SUSANA ESTHER MERINO LLAMAS

Prendíos en su Consuelo

En estos días donde la liturgia se reviste del matiz penitencial y tras haber sido invitados a la conversión con la imposición de la santa ceniza hace justo una semana, bien cabe detenernos en el piadoso acto del rezo del Vía-Crucis.

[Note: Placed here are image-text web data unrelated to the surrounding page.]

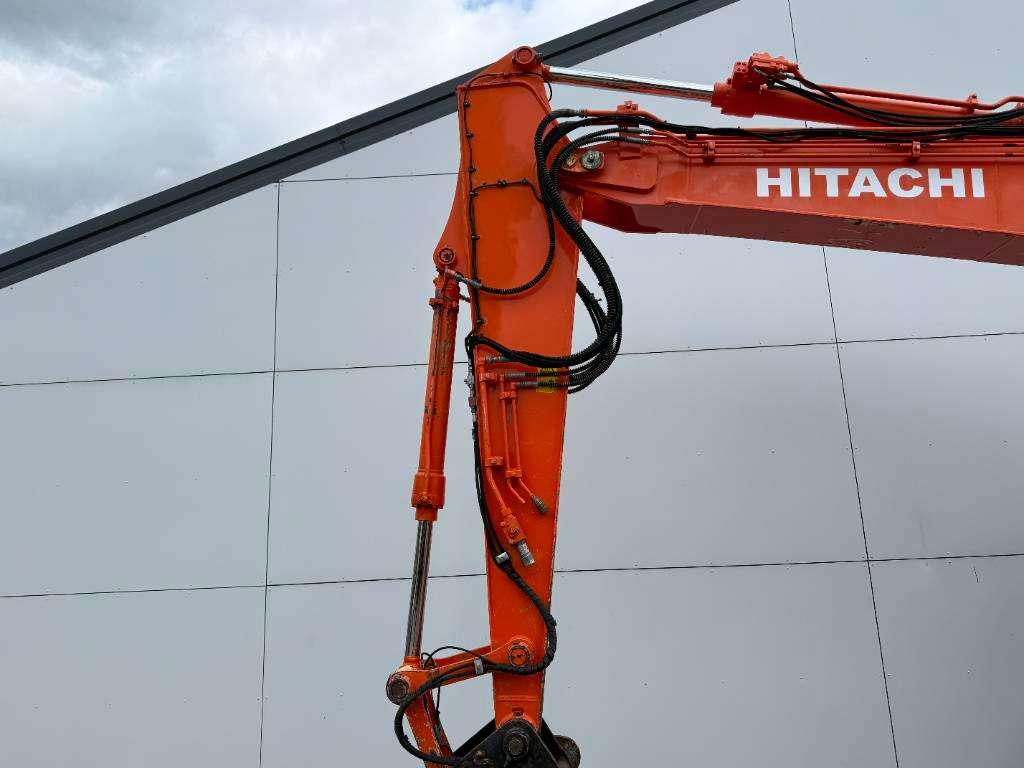 Hitachi ZX135US-6 - Hammer Lines / Automatic Greasing Foto 18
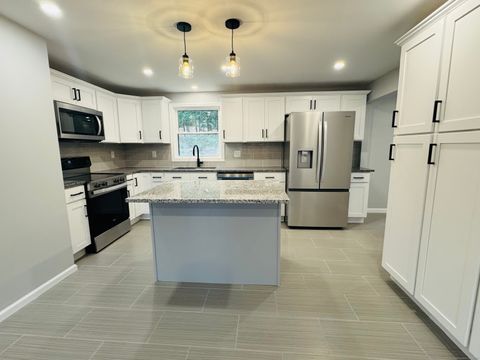 Tiny photo for 450 Route 32, Franklin, CT 06254 (MLS # 24136941)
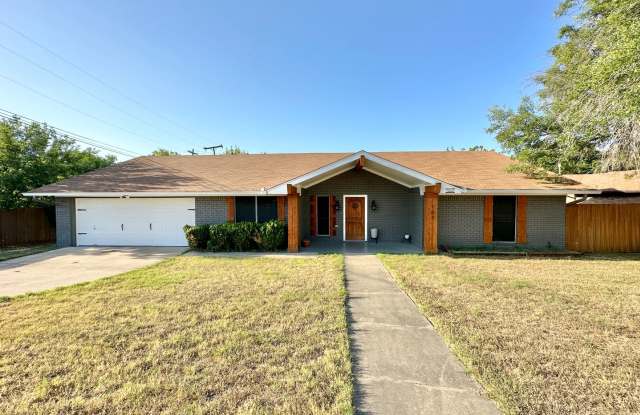 Viewable November 15th! Small Pets Accepted! photos photos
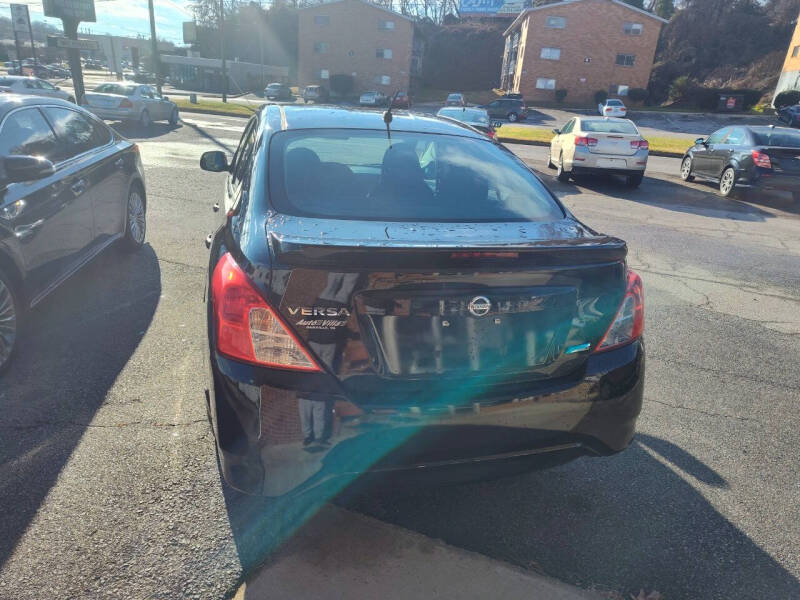 2015 Nissan Versa 1.6 S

Es aquí donde venimos a desgranar, las escenas que conformaron la Pasión de Nuestro Señor, desde que fuera condenado como reo de muerte en el pretorio de la Fortaleza Antonia, hasta el mismo momento en que se depositara su cuerpo en el Santo Sepulcro. Es este un ejercicio donde la meditación más íntima nos llega a través de la casi visualización del escarnio sufrido por quien viniera precisamente al mundo para salvarnos de toda culpa quedando cosido al recio madero.

Esa letanía del sufrimiento de Cristo, la pudimos vivir este pasado viernes, primero del tiempo cuaresmal, en los mismos tuétanos del moreno barrio de Santiago. El que es Redentor de Cautivos, el Señor del Consuelo, el Rey de Reyes, el que guarda entre sus aceitunadas manos atadas todas y cada una de nuestras rogativas, abandonaría por unas horas su morada mercedaria para, como hiciese hace ocho siglos San Pedro Nolasco, derramar sobre nosotros ese mismo carisma liberador para despojarnos de toda miseria.

Desde calle Merced a Palma, desde Chancillería al Arco, los adoquines con sabor a añejas historias y hasta el más ínfimo recoveco despabilaron de su letargo cuando la Cruz de Guía de la hermandad del Transporte dejaba asomar el brillo de la plata de sus cantoneras que tanto saben de Domingos de Ramos. El candil de la devoción quedaría abocetado por esa hermosa luminaria de fe, entre olor a cera derretida y los primeros inciensos de la antesala de la primavera. El frío y la humedad que besaban los rostros de quienes quisimos ser los lazarillos del Hijo de Dios, no hicieron mella alguna. El reloj marcaba los minutos con un soniquete distinto cuando de regreso, los cerrojos del duende se abrieron de par en par en los aledaños del templo del Santo Apóstol.

Fue entonces cuando el cortejo encaraba el angostillo cual paseíllo que rompe para plantarse en los medios del gótico que rezuma los pulsos de su Undivé por cada una de sus piedras. El aroma a yerbabuena y a clavo y romero se escaparon de las viejas casapuertas para entremezclarse con el incienso que cubría ese río de corazones. El clavelón púrpura del Miércoles Santo, el que quiebra su cintura en cada pase mientras la muerte le acecha con cada embestida, el Señor del Prendimiento, se tornó en Consuelo y Merced, mientras la garganta de azabache del Zambo derramaba su quejío rasgando los silencios de Santiago. Dos juncos de bronce, dos percales empapados de duende y tronío, de canela en rama donde la Buena Muerte del Hijo del Hombre descansa sobre la verticalidad del patíbulo, pero bajo la infinita dulzura de la mirada de la Madre. La Puerta Grande se abrió, y el rastro de la efigie del Señor del Consuelo quedaría enmarcada allí para siempre, mientras se alejaba para seguir paseando su majestad de regreso a casa, donde casi en esa misma puerta que ya es Santa, el brocal de sentimiento de Lidia Hernández derramaría la esencia de una oración hecha plegaria.

La luna de Santiago le daba las buenas noches al Señor del Consuelo besándolo en la frente, mientras la niebla descendía para cubrirlo con su velo.

Y es que todos quedamos Prendíos de su Consuelo.